Correlation matrix heatmap shows the correlation between two variables
Base on dataset, there are total 3294 flights are on time and 2760 flights are delay.
Let's enjoy the video about data visualization dashboard on PFBI Sample Data
Insight & Analysis:
The probability of flight delay is higher when the destination of flight is non-Southeast Asia (rest of the world such as Australia, etc.) compare to Southeast Asia (Singapore, etc.).

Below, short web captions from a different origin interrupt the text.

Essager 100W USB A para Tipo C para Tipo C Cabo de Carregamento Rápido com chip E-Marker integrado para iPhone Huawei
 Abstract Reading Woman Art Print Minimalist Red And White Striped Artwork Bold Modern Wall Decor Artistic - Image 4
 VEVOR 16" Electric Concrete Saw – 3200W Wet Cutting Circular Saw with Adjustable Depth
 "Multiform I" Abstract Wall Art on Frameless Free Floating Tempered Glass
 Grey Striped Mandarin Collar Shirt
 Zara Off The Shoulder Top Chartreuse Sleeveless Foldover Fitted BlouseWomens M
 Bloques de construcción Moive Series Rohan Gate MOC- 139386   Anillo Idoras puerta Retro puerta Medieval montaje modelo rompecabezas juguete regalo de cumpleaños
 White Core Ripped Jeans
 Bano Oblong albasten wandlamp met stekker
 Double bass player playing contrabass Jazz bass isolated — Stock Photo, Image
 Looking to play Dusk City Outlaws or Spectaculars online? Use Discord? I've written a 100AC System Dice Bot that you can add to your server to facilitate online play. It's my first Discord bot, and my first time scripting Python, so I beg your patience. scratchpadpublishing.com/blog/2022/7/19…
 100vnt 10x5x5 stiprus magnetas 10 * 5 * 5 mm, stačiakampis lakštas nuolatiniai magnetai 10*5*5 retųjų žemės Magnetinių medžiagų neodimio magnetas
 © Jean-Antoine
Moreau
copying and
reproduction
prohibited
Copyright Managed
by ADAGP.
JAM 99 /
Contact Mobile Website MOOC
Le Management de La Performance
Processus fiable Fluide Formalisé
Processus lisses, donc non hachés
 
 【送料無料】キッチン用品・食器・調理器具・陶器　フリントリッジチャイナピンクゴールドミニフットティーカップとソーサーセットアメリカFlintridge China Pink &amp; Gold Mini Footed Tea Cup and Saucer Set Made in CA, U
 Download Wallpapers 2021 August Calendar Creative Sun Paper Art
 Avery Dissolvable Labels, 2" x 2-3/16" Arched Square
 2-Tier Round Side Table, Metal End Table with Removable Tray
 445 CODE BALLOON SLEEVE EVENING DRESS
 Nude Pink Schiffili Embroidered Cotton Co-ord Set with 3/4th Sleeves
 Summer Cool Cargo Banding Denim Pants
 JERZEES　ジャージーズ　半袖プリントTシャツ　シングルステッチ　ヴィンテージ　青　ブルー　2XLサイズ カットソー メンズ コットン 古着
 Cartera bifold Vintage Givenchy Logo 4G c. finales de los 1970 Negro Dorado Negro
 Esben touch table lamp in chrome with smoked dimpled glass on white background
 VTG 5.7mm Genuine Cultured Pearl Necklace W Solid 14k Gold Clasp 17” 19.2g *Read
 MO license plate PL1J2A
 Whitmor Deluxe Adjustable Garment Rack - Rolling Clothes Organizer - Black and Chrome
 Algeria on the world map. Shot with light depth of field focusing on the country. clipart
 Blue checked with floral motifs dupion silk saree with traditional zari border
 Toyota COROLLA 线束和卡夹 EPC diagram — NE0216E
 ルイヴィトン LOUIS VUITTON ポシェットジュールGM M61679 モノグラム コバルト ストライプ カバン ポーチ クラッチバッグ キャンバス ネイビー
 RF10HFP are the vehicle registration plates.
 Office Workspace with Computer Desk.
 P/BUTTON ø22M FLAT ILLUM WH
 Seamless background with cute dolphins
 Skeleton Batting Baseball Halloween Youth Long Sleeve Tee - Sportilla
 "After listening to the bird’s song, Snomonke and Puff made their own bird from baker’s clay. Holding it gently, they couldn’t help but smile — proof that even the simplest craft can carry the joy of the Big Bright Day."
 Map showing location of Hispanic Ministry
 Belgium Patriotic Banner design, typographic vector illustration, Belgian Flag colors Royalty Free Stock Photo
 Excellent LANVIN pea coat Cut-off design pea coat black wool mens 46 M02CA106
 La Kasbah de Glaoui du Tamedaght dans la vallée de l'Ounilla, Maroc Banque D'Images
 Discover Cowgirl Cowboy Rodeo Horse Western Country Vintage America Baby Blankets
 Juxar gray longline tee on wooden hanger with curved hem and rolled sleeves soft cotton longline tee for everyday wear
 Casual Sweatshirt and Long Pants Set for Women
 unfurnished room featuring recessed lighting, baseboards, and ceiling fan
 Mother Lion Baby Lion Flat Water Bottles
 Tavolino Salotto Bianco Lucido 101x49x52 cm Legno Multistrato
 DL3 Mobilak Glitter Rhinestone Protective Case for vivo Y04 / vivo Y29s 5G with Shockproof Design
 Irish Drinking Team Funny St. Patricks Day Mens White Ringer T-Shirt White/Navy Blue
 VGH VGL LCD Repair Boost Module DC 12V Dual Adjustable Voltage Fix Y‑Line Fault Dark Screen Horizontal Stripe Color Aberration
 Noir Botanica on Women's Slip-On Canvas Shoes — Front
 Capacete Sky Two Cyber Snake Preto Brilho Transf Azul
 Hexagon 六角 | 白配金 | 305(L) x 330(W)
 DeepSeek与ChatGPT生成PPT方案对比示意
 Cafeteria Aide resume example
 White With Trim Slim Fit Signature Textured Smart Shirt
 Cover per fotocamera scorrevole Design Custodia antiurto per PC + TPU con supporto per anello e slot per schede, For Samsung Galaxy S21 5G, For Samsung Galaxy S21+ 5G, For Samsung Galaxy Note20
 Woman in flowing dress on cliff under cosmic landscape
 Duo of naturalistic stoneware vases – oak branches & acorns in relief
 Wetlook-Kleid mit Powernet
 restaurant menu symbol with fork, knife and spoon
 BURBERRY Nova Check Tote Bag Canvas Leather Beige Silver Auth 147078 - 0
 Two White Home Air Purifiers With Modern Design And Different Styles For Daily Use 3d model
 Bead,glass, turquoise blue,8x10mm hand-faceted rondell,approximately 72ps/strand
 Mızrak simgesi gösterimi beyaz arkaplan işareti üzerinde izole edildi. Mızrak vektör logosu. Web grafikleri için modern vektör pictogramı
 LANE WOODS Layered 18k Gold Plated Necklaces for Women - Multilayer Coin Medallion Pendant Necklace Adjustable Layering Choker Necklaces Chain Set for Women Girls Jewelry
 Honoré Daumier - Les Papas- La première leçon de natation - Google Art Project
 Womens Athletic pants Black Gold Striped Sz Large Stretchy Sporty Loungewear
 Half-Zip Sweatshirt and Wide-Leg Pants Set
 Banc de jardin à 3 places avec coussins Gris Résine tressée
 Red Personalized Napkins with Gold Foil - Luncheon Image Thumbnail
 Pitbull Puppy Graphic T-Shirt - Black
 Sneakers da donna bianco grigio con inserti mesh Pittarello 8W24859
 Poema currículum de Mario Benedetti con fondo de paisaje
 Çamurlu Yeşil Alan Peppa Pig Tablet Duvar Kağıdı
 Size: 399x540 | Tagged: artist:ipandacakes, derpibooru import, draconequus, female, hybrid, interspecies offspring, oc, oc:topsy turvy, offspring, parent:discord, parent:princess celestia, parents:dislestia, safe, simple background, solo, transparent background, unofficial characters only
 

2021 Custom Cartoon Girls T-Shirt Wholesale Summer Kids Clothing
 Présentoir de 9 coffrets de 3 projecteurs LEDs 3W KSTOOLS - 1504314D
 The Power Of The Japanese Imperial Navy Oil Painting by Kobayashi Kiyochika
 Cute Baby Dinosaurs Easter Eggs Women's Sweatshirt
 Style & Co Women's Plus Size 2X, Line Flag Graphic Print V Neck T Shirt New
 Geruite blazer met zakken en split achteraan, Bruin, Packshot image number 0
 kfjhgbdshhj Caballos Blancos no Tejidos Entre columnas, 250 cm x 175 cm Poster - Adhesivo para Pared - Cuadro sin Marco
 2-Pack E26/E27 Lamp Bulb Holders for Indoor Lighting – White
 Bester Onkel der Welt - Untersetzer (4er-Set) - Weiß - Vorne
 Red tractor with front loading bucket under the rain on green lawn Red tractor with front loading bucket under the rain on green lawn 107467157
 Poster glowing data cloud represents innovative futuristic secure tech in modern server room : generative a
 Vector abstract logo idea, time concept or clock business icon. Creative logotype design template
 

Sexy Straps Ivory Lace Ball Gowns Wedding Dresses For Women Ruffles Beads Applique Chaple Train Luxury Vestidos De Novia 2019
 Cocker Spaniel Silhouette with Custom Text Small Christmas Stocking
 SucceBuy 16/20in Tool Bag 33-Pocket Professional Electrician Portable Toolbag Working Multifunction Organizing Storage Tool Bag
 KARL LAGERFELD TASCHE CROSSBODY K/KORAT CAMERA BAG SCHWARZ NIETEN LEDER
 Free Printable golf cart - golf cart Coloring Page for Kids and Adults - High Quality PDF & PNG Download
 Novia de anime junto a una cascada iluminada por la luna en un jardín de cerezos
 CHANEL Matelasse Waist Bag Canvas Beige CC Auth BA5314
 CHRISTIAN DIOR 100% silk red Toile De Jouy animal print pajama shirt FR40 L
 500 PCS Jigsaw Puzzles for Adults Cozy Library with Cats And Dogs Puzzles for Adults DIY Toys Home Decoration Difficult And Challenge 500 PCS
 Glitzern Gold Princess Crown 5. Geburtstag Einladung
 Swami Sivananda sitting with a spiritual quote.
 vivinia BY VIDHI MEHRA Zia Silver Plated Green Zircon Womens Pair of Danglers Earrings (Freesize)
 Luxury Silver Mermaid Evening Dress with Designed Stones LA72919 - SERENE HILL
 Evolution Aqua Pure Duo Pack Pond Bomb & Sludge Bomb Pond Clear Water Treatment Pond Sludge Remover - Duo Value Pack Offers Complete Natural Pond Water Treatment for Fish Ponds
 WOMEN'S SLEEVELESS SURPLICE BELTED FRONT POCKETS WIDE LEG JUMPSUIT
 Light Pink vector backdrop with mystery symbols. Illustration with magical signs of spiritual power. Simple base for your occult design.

Freighter services such as Kargo have higher probability of flight delay when the fly duration less than 500 minutes(8 hours),whereas passenger services have higher probability of flight delay when the fly duration is more than 300 minutes (5 hours). Normally, the fly duration more than 5 hours is international flight, so it may delay due to air traffic control restriction or late arrival of aircraft from another flight.
If the number of passenger booked is more than passenger boarded(load), it has a higher probability delay. We assume that this is due to they wait for the late comers.
The business class passenger probably relate to flight delay.